## [WHAT YOU WILL DO]
Using the line with "Crazy Hospital screenshot 3" as your starting point, transcribe it and each line beneath it word for word until the records run out, without pictures.

[Stored entries]
━━━━━━━━

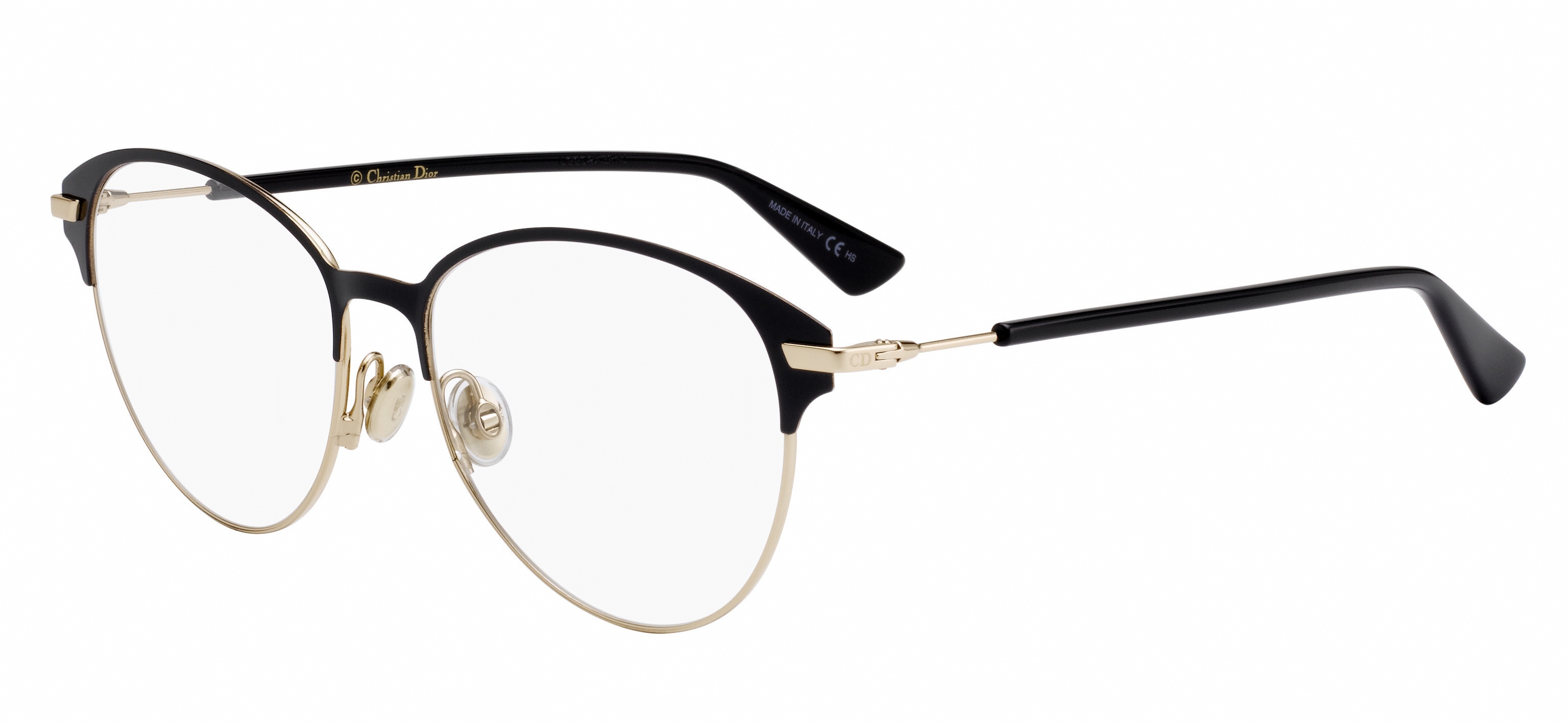 christian dior essence glasses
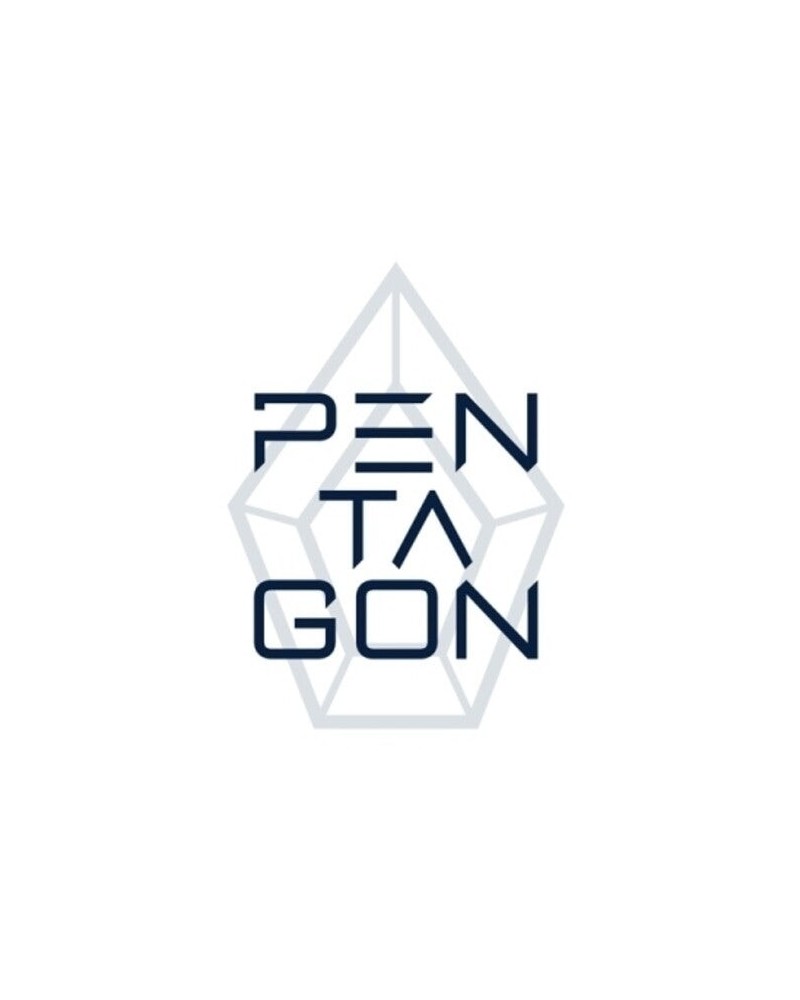 PENTAGON SUM(ME:R) (9TH MINI ALBUM) CD $4.30 CD
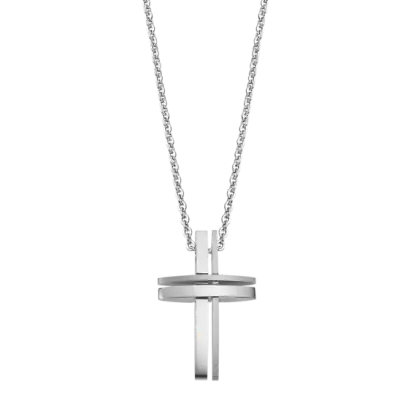 Lotus Jewels jewelry ls1984-1/3 (ls1984-1_3)  Lotus Jewels Jewelry Ls1984-1/3 (LS1984-1_3)  JEWELRY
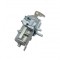 Butuc usa Topautochei&reg; pentru Mercedes Benz E280, E300, E350, CLS300, GLK200, GLK250,GLK, C180, C200, C260, C300, E200, E260, E300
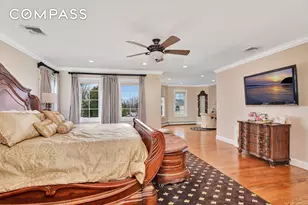 215 Lawrence Ave, New York City, NY 10310 - Photo 15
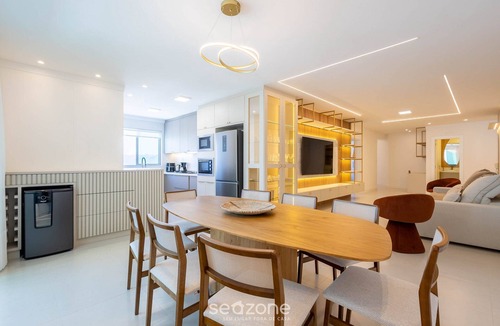 Andorinha Apartment | Apart With Barbecue 450 m From the Beach Szt0375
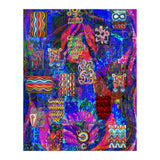 New Graffiti2022 242 (Print Only) thumbnail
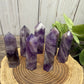 Chevron Amethyst Towers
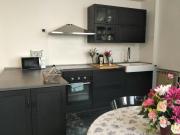 Appartamento 2 camere da letto, Genoa Genoa 16124...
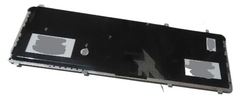 Teclado Para O Notebook Hp Pavilion Dv6t-2300 Aeut3e00020 - comprar online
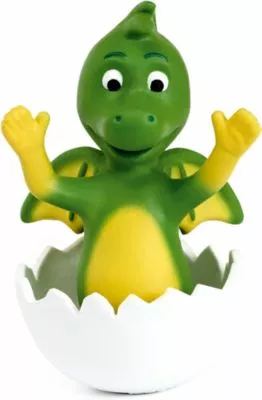 Tonies Tabaluga - Das Große Ereignis / Freunde Fürs Leben 1 Tonies Tabaluga - Das Große Ereignis / Freunde Fürs Leben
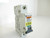 Merlin C60 N 2A TYPE D DJ1 Breaker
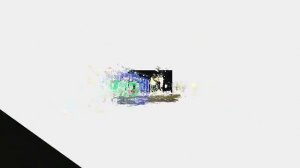 ВИА "АРИЭЛЬ", татарская нар. песня " Эх сез, матур кызлар"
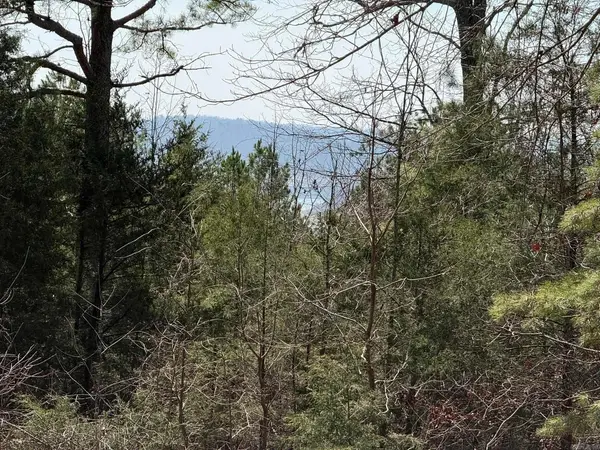 000 Foxcroft Lane, Elizabeth, AR 72531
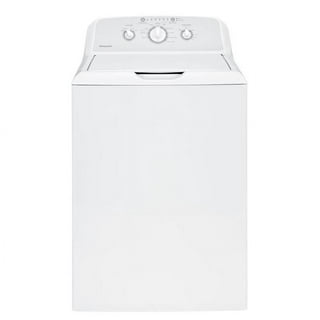 Magic Chef 2.7 Cu. ft. Electric All-in-One Front Load Washer and Ventless  Dryer Combo in Gold 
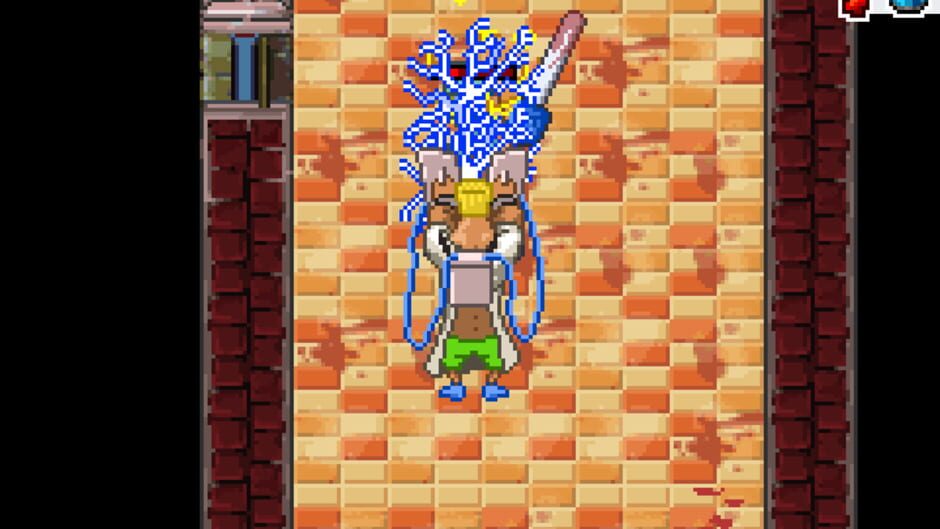 Crazy Hospital screenshot 3
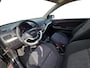 Kia Picanto 1.0 CVVT ComfortLine | Unieke kilometerstand NAP | Parkeersensoren | 100% onderhouden | 12 maanden Bovag Garantie |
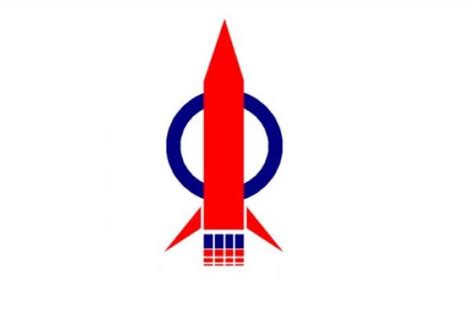 Dap To Use Its Logo For Sandakan By Election Cm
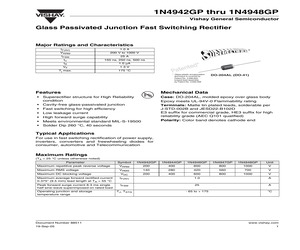 1N4946GP-E3.pdf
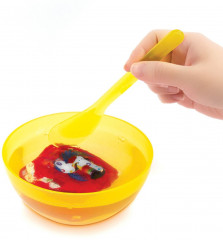 Набор для создания браслетов «Cerealsly Cute Froot Loops» - Фото 5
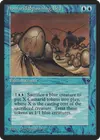 Product image for Homarid Spawning Bed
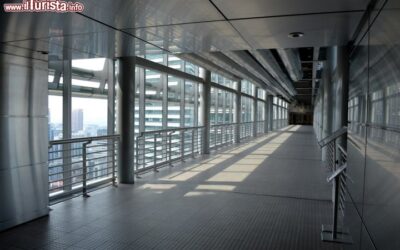 skybridge_petronas_twin_towers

━━━━━━━━

## [YOUR RESPONSE]
 Crazy Hospital screenshot 3
 Kia Picanto 1.0 CVVT ComfortLine | Unieke kilometerstand NAP | Parkeersensoren | 100% onderhouden | 12 maanden Bovag Garantie |
 Dap To Use Its Logo For Sandakan By Election Cm
 1N4946GP-E3.pdf
 Набор для создания браслетов «Cerealsly Cute Froot Loops» - Фото 5
 Product image for Homarid Spawning Bed
 skybridge_petronas_twin_towers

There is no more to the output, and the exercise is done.